Wrangel Island, in the Russian Arctic, has to be one of the least-visited places on Earth. Put us on the map and explain why you call it a post-apocalyptic landscape.
It can be accessed only by boat or helicopter. But I could not get from my sites in Alaska to Wrangel. I had to fly to Moscow, go nine times zones east, land at a port 240 miles from Wrangel, and wait for a Russian helicopter to drop me in.
I call it post-apocalyptic because not only are there polar bears, but wolves have gotten there on their own, though the nearest point on land is 80 miles away. Caribou have been brought in and reindeer, which have gone feral. Wolverines have also made it from the Siberian coastline, traversing ice and frozen seas to get there. Now you’ve got a mixture going on between hybrid dogs that now look like wolves, or wolves that look like hybrid dogs. Muskoxen were also brought over at the request of the Russian Government, when we had a good relationship with them.
We still participate with Russian scientists, despite some of the acrimony at political levels. Conservation is the province of everybody. And it’s a marvellous place to work! It’s got a lot of wildlife and may be the forerunner of what the world is going to look like as different assemblages of species come together.
You’ve done 33 expeditions, including 19 to the Arctic, seven in Mongolia and seven in Tibet and the Himalayas. Talk us through some of the highs and lows of those journeys.

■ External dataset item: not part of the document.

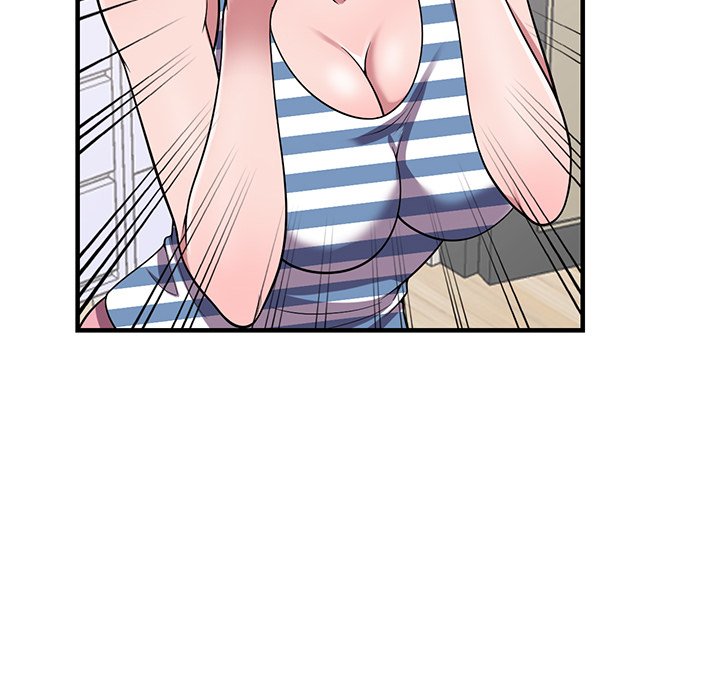 A Stolen Taste - Chapter 25 59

[Laughs] A major high would be coming across muskoxen and polar bear tracks on one of those bluebird days when it might be 20 degrees Fahrenheit below zero, but no wind, and sparkling ice. One of the lows was flying from Moscow and landing in a Siberian town called Pevek. Russian Security Border Patrol folks came on, I’m the only Americanski on the plane, and I am escorted off, my passport confiscated, and taken to the police station. Everything is being done in Russian, a language I am unfamiliar with, and the only words that I understand are C-I-A. [laughs]
In Mongolia, I ended up in the emergency room because my legs were going into spasms and for three days I wasn’t able to hold any food. But one kind of sucks it up. There are many other scientists and explorers who go out there and do similar things. But we do realize that there are some trade-offs.
At the end of the book, you write, “In the absence of commitment on both global and local scales, the iconic wildlife of the world’s highest mountains and greatest steppes will cease to persist.” Are you optimistic or pessimistic about the future?
There are a lot of reasons to be pessimistic but if that’s the view we choose to take there are going to be no chances. On a personal level, I’m optimistic! There are a lot of countries investing in conservation. Russia has stepped up with 191 islands in the Arctic that are protected as of 2016. Places in Western China the size of California have been linked together for conservation. Chile is planning to link 10 of their national parks. In the U.S., the number of people per year that go to national parks and zoos eclipses all professional baseball, football, and basketball combined. People care about nature and wildlife, and that’s why I am optimistic.
This interview was edited for length and clarity.